The Article Extractor is an API that takes a URL and returns a JSON object that contains parsed elements from the article. The parser will only work with websites that are in an article format such as newspapers, blogs or magazines. The successful extraction of the various parts cannot guaranteed because of the many possibilities that websites could be formatted. We find that the parser works for the majority of examples.

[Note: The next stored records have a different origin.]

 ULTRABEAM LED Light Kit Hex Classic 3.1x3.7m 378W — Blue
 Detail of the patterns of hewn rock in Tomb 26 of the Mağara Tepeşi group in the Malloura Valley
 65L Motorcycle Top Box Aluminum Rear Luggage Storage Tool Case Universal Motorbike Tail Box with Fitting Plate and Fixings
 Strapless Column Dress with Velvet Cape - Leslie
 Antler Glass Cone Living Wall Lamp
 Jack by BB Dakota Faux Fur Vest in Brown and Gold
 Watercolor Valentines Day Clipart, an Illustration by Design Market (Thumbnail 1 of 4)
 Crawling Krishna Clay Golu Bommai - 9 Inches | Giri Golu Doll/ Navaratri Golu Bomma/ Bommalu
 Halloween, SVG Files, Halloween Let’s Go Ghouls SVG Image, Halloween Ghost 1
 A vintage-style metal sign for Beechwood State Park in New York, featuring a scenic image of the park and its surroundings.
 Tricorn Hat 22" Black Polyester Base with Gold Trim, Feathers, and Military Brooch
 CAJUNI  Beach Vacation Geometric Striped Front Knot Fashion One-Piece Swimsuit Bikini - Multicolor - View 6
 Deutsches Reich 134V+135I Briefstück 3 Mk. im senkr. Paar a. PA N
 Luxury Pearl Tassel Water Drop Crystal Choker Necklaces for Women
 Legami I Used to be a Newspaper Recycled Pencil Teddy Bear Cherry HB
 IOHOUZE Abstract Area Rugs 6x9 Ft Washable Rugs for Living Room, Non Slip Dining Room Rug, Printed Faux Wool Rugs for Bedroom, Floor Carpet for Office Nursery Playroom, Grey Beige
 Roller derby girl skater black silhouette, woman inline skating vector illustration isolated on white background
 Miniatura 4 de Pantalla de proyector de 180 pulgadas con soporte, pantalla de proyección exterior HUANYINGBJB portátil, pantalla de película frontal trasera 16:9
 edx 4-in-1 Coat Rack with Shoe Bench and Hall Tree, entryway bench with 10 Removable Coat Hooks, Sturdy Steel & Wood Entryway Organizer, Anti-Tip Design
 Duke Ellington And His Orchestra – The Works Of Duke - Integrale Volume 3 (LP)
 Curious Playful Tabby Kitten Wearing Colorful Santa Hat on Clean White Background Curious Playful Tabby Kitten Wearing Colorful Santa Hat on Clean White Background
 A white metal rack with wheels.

Select an example article below, a real request to the API is made but is limited to a choice of three articles to prevent abuse. If you want to use the API follow the Usage instructions below.
{
"title": "Air traffic controllers release timelapse tour of UK airspace",
"author": "",
"published": null,
"url": "http://www.bbc.co.uk/news/uk-30108947",
"image": "http://news.bbcimg.co.uk/media/images/79117000/jpg/_79117585_79117513.jpg",
"videos": [],
"keywords": [
"ukclaire",
"airspace",
"nats",
"showing",
"timelapse",
"air",
"controllers",
"tour",
"traffic",
"uk",
"release",
"video",
"thousands",
"skies",
"typical"
],
"summary": "A timelapse video showing thousands of planes coming in and out of the UK has been released by NATS.",
"body": "A timelapse video showing thousands of planes flying in and out of the UK has been released by NATS (National Air Traffic Services).\\\n\\\nAround 6,000 flights take off and land across the region during an average 24-hour period.\\\n\\\nAir traffic experts collected radar data to create an overview of a typical day in the skies above the UK.\\\n\\\nClaire Brennan reports.\\\n\\\nFootage courtesy of NATS."
}
Field | Type | Details |
---|---|---|
title | String | Article title from social media meta tags, falling back to the <title> tag |
author | String | Author of the article |
published | Date | Date of publication |
url | URL | Article URL |
image | URL | Main image |
videos | Array | Array of embedded video URLs |
keywords | Array | Array of keywords that appear in the article |
summary | String | Summary of the article |
body | String | Main body of the article |
You can use the following cURL command to add a document:
Note: you’ll need to replace the text
API_KEY
with your API key.
curl --request GET \
--url 'https://document-parser-api.lateral.io/?url=http://www.bbc.com/news/31047780' \
--header 'content-type: application/json' \
--header 'subscription-key: API_KEY'
Let’s say that you have the URL http://www.bbc.com/news/31047780
and you want to parse it. The first thing that you will need to do is get an API key.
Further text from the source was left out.